Decided: October 09, 2012

TOM, J.P., MAZZARELLI, CATTERSON, RENWICK, DEGRASSE, JJ. Ernest Quinones, appellant pro se. Patrina Quinones, appellant pro se. Kelly D. MacNeal, New York (Melissa R. Renwick of counsel), for respondent.

Judgment, Supreme Court, New York County (Donna M. Mills, J.), entered September 27, 2011, denying the petition to annul the determination of respondent New York City Housing Authority, dated February 22, 2011, which denied petitioners' application to vacate their second default and dismissed the proceeding, unanimously affirmed, without costs.

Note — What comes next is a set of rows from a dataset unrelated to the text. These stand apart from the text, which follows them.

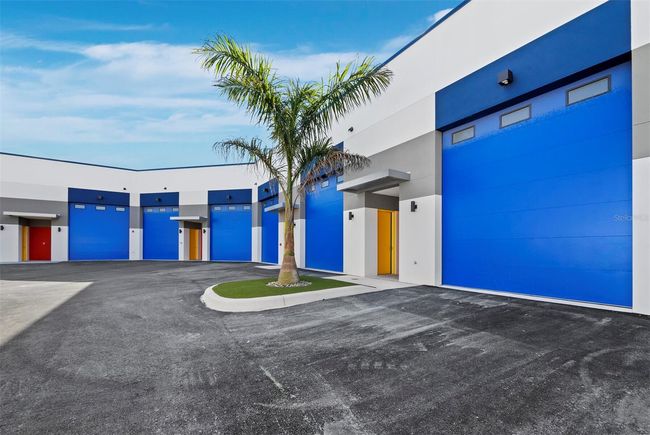 UNIT-10 - 8100 Ciboney Ct, Home with 0 bedrooms, 0 bathrooms and null parking in SARASOTA FL | Image 17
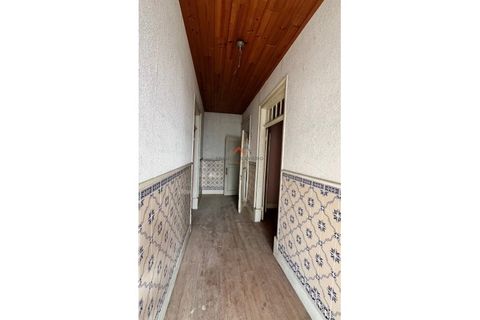 Villa i Agueda, Aveiro, Agueda - € 185.000 | Ref: 6732 - foto 8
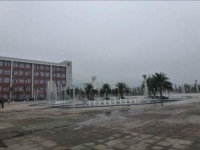 重慶市永川職業(yè)教育中心學(xué)校榮譽(yù)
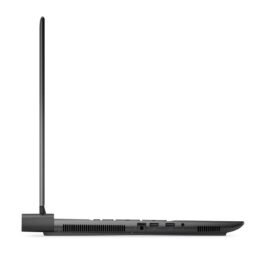 Dell Alienware M18 R2, Core i9-14900HX, 8GB RTX4070, 32GB RAM, 1TB SSD, 18" QHD+ 165Hz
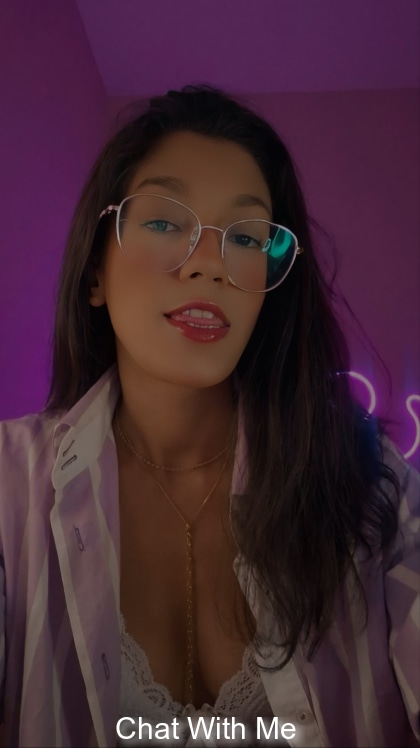 ArtemisFiore profile pic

The hearing officer's determination that petitioners failed to establish a reasonable excuse for their default (see Matter of Cherry v. New York City Hous. Auth., 67 A.D.3d 438, 439, 889 N.Y.S.2d 20 [1st Dept 2009]; Matter of Daniels v. Popolizio, 171 A.D.2d 596, 597, 567 N.Y.S.2d 459 [1st Dept 1991] ) has a rational basis in the record and is not arbitrary and capricious (see Matter of Pell v. Board of Educ., 34 N.Y.2d 222, 231 [1974] ). Petitioners' excuses for failing to appear at the hearing were not supported by any documentation (see Cherry, 67 A.D.3d at 438, 889 N.Y.S.2d 20). Furthermore, plaintiffs did not explain why they did not either attempt to adjourn the hearing or arrange for a representative to appear on their behalf (see Matter of Corchado v. Popolizio, 171 A.D.2d 598, 567 N.Y.S.2d 460 [1st Dept 1991] ); Matter of Trinidad v. New York City Hous. Auth., 2011 N.Y. Slip Op 30599U, at 6 [Sup Ct, N.Y. County 2011] ).

In light of petitioners' failure to establish a reasonable excuse for their default, we need not consider whether they established a meritorious defense to the charges of chronic rent delinquency, breach of rules and regulations, and non-desirability by permitting excessive loud music. We note, however, that petitioners' arguments and documentation submitted in support of their Article 78 petition are not reviewable as they were not part of the administrative record (see Matter of Fanelli v. New York City Conciliation & Appeals Bd., 90 A.D.2d 756, 757, 455 N.Y.S.2d 814 [1st Dept 1982], affd 58 N.Y.2d 952 [1983] ).